Wow, so only two bits flipped? That's pretty bad even if you're using md5 just as a simple checksum protection against transmission errors.

If you are trying to protect against transmission errors then md5 is a poor choice; it is expensive, it gives no guarantees as to how accurate it is, and has no ability to correct errors. If you want to protect against transmission errors, and possibly correct them, use CRCs; apart from the fact that they provide all three of the above, that's what they were designed for.

Very well optimized CRC is significantly faster than MD5, but note that MD5 is very fast.

MD5 is also a poorer choice for UUID-type applications than the SHA-2 functions, which offer more flexibility in output size at not much cost in performance.

Not really. This collision required specific intent, and a great deal of compute power, to find.

md5 is still adequate for accidental/random error detection because the universe doesn't (usually) spend many hundreds of hours on hundreds of GPUs to try to corrupt your data without you noticing :)

Though sometimes it can seem that way. :)

Fair point. I just kind of assumed that any collision would require quite a lot of flipped bits, because usually just one flipped bit is enough to cause an "avalanche" of changes in the hash sum.

Would it be possible to find a collision where only one bit is flipped in the input?

From the paper:

"Based on our complexity analysis and a number of computers available for our collision search, we estimated that it would take approximately five weeks. As this was feasible enough, we started the actual search. It was our fortune that a collision was found a bit earlier, namely after only three weeks."

This on a Core2 Q9550, a four year old processor. I wonder how fast this could be done using an EC2 temporary compute cluster.

Or low end consumer GPUs which can do over half a billion hashes/sec.

Not that low-end, right? I think the cheapest "good" one was probably over $100, when I read about "Bitcoin mining" perhaps month or so ago.

$100 is pretty low end for a GPU.

MD5 is many times faster than SHA256, too.

$100 is low end. It's easily affordable for consumer purchase. You no longer need to be the NSA with a budget of $1,000,000 to do this.

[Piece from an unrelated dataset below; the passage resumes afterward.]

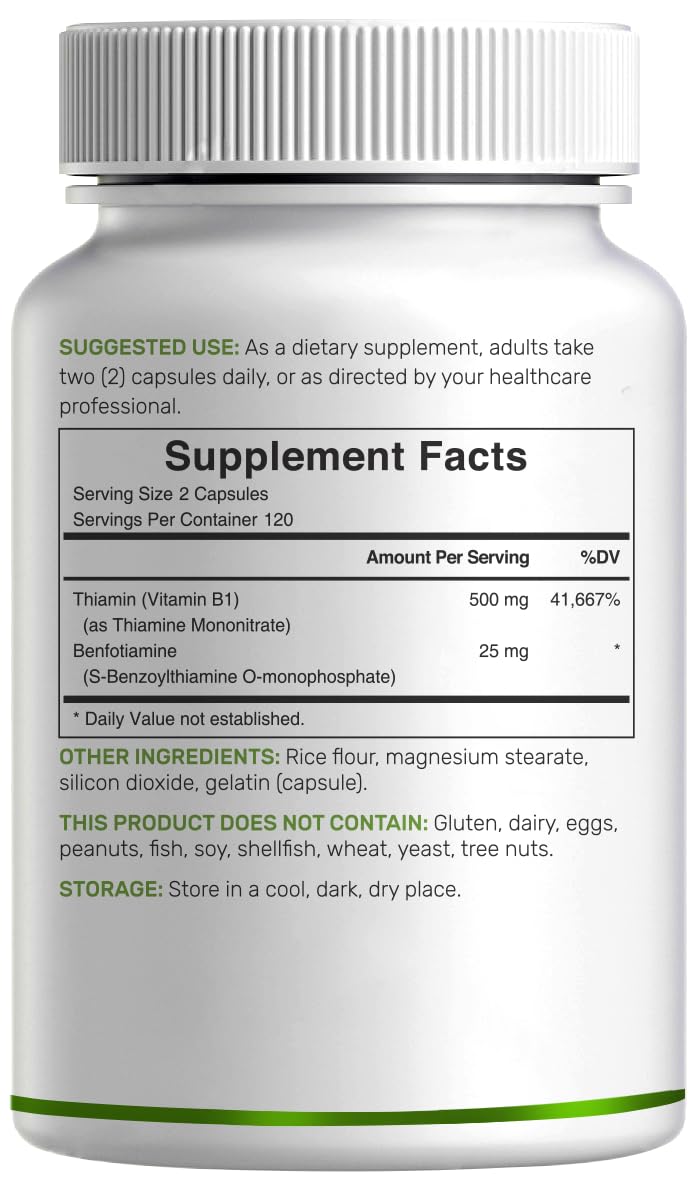 DEAL SUPPLEMENT Vitamin B1 500mg with Benfotiamine, 240 Capsules – 2 in 1 Enhanced Formula – Fat & Water Soluble Thiamine B1 Supplement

These sorts of thing tend to parallelize well too. If it were written for CUDA or similar, I wouldn't be surprised to see it finish in a few hours.

This is not a straight brute-force attack. I don't know how well it parallelizes, but Marc is aware of the existence of GPUs. (Also, it takes a few weeks. No point in messing around with CUDA...)

Why is this coming back up again? It is well known that you can create collisions using MD5. However, you will have to try real hard to do so.

The implications of that are simple.

Do not use MD5 for any type of security or cryptography. On the other hand, if you're using MD5 for other purposes, you can continue to do so.

I frequently use MD5 to generate unique ids for a ton of stuff. There is little risk of a collision, since I'm not trying to make things collide. On the other hand, I would never use it for anything security related.

  However, you will have to try real hard to do so.
This is coming back up again, because it's not so hard anymore.

The question I care is: Is the probability of naturally occurring a collision in MD5 hashing significantly more than any other 128 bit hashing algorithm?

The answer is: No.

Sure, but if you're willing to accept lots collisions on "bad" input there are faster hashes (Bernstein and Jenkins have nice fast non-cryptographic hashes, for instance.)

Non-cryptographic hash functions may be a bad idea: e.g. don't store URI parameters (?foo=bar&baz=bar) in such a hash table, or you'll be vulnerable to rather simple DoS (this was all over the internet a week or two ago.)

> Non-cryptographic hash functions may be a bad idea: e.g. don't store URI parameters (?foo=bar&baz=bar) in such a hash table, or you'll be vulnerable to rather simple DoS (this was all over the internet a week or two ago.)

I think universal hashing is the usual protection against that kind of attack, and I think universal hashing is not considered cryptographic:


> there are faster hashes

Yes, but none as widespread. MD5 is available in every system, on every language.

> I frequently use MD5 to generate unique ids for a ton of stuff.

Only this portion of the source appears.